#### Task:
Restate verbatim the span of lines below between the line with "N1 flat share, large" and the line with "大清乾隆白瓷暗刻龙纹矾红描金雕刻五桃回流瓶h（38×19cm）", including those two lines, and only that span.

[Materials provided Boundary: Start]

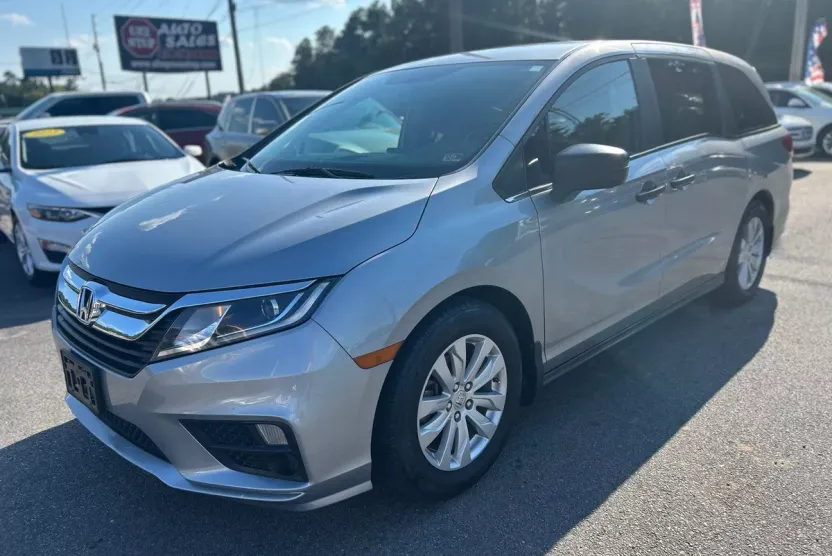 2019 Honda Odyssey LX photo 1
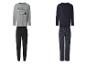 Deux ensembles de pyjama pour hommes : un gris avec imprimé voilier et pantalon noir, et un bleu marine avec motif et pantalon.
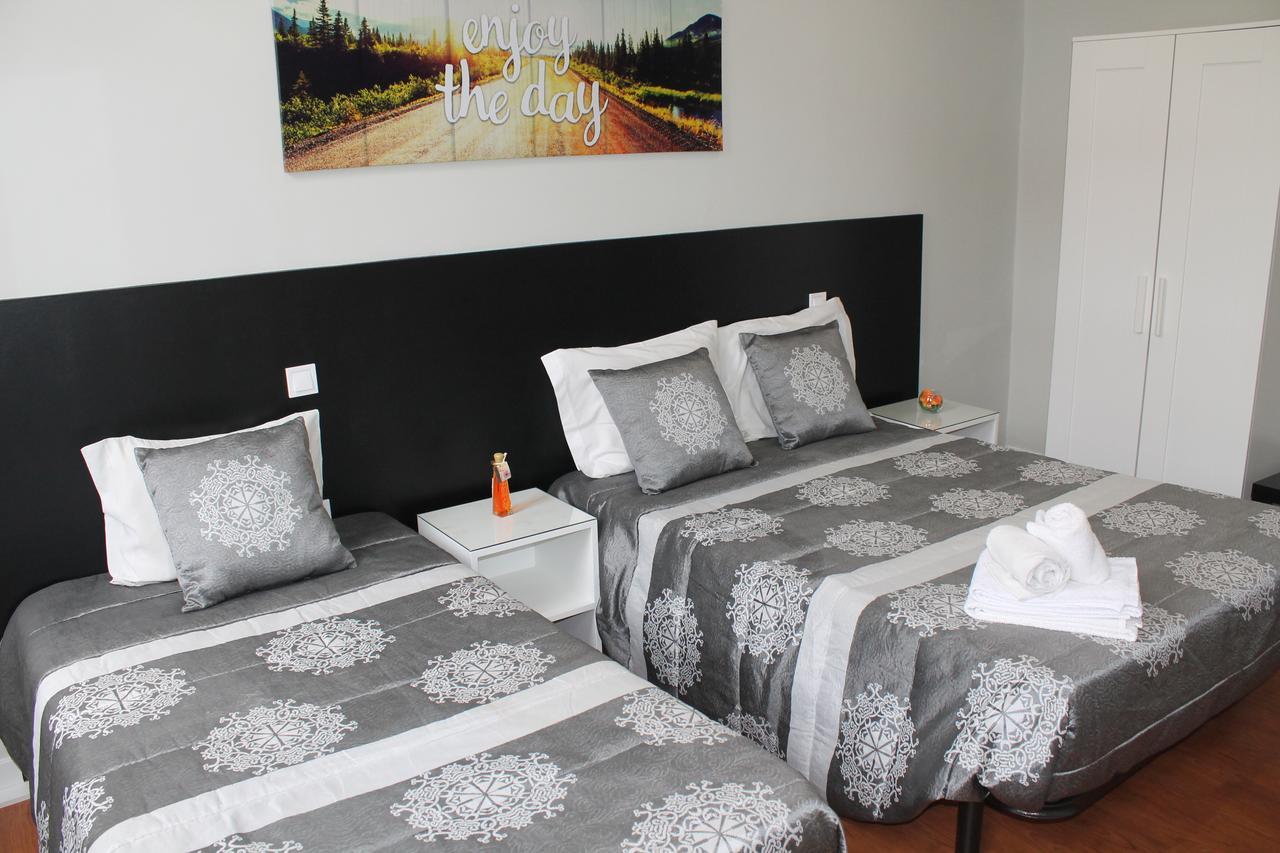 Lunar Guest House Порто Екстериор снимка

[Materials provided Boundary: End]
[Materials provided Boundary: Start]

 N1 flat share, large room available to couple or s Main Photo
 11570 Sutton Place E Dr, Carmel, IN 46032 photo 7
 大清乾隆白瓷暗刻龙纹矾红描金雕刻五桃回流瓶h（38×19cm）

[Materials provided Boundary: End]

#### Output:
 N1 flat share, large room available to couple or s Main Photo
 11570 Sutton Place E Dr, Carmel, IN 46032 photo 7
 大清乾隆白瓷暗刻龙纹矾红描金雕刻五桃回流瓶h（38×19cm）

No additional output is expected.